Monday, June 19, 2006

EEM and EFA, SPY and VIX

A while back there controversy at seekingalpha after Michael Panzer posted an innocuous chart of iShares Emerging Markets (EEM) vs iShares MSCE EAFE (EFA) suggesting that the performance gap between EEM and EFA was narrowing. I’ve found that the solution to most problems in life is muddy up the water, and statistics are great way to do that. Thanks to data from Yahoo Finance and Software from SPSS (SPSS), I've drawn some conclusions about the relationships between SPX, VIX, EFA, EEM.

The first grand discovery, which many people has also discovered in the past few weeks, is that global stock markets are very correlated and they tend to be able to explain each others variance. If you do factor analysis, the first extracted factor explains 97% of the data. This makes sense because of the global nature of the world economy. The US and EFA economies tend to be synchronized with each other and emerging markets economies depend on exports to the developed world. The net result is that investing in foreign countries doesn't provide much if any diversification against serious market moves. At this point it seems that main benefit of investing in foreign assets is the implied hedge of foreign currency dividends against a weaker dollar. A foreign bond fund would accomplish most of the same effects with much less risk

The other grand discovery is that EEM is strongly negatively correlated with VIX (Implied S&P 500 Volatility). This also isn't surprising because high VIX tends to be associated with market stress. For the past few years hot money has been flowing into EEM investments through hedge funds, mutual funds, and ETFs. Much of this investment is being made without thoughtful assessment of the extra risks of investing in emerging markets. That risk includes a high beta towards the US economy and investor risk tolerance worldwide. Everyone looks like an investment genius when markets are going well. But when investor's decided that volatility is a bad thing, the outflow from EEM was nasty.

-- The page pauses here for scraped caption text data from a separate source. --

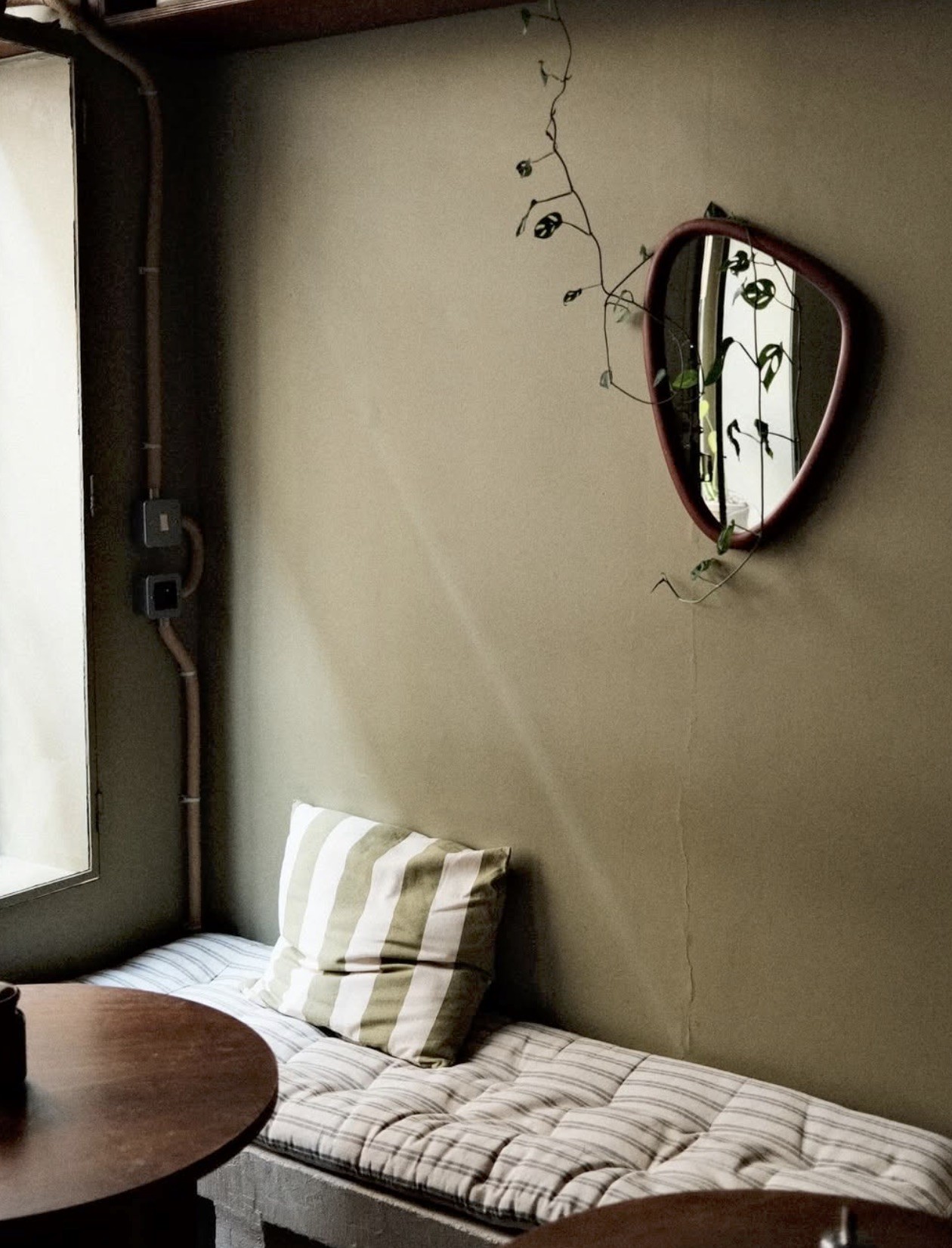 A striped cushion on a quilted window bench beneath a round mirror and trailing plant at MAGMA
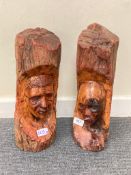 An interesting tribal hardwood carving modelled as a bearded man smoking a pipe, height 40 cm,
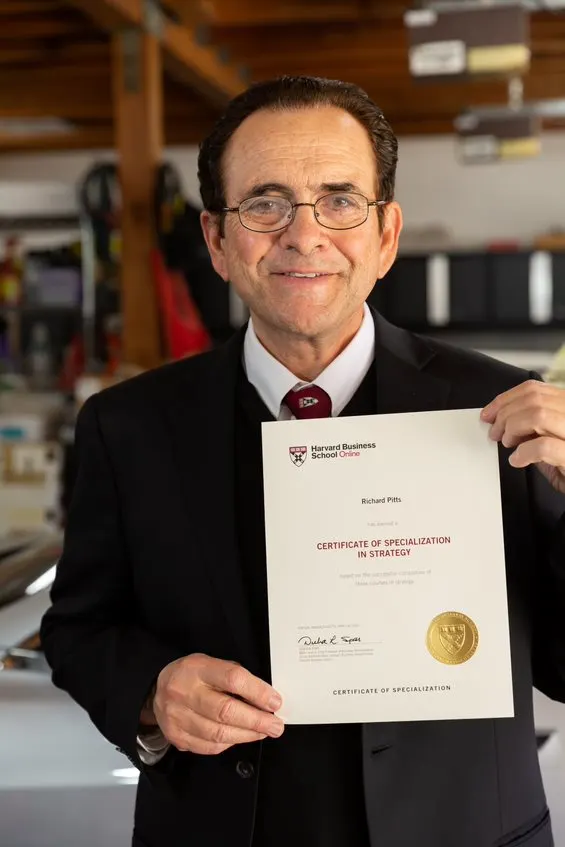 Student holding certificate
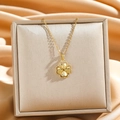 Goldene Kleeblatt-Halskette aus Titanstahl auf luxuriösem Seidenhintergrund präsentiert - Antikes Gold Vierblättriges Kleeblatt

The take home from all this is that you can't rely on common stocks to diversify away the inherent risks of investing in common stocks. To do that you need something other than common stock, i.e bonds (TIP). Even things like REITs (ICF) or Gold (GDX) don’t give as much diversification as you would expect. With world markets as interconnected as they are, you can't expect EFA to be a tower of strength when SPX is crumbling.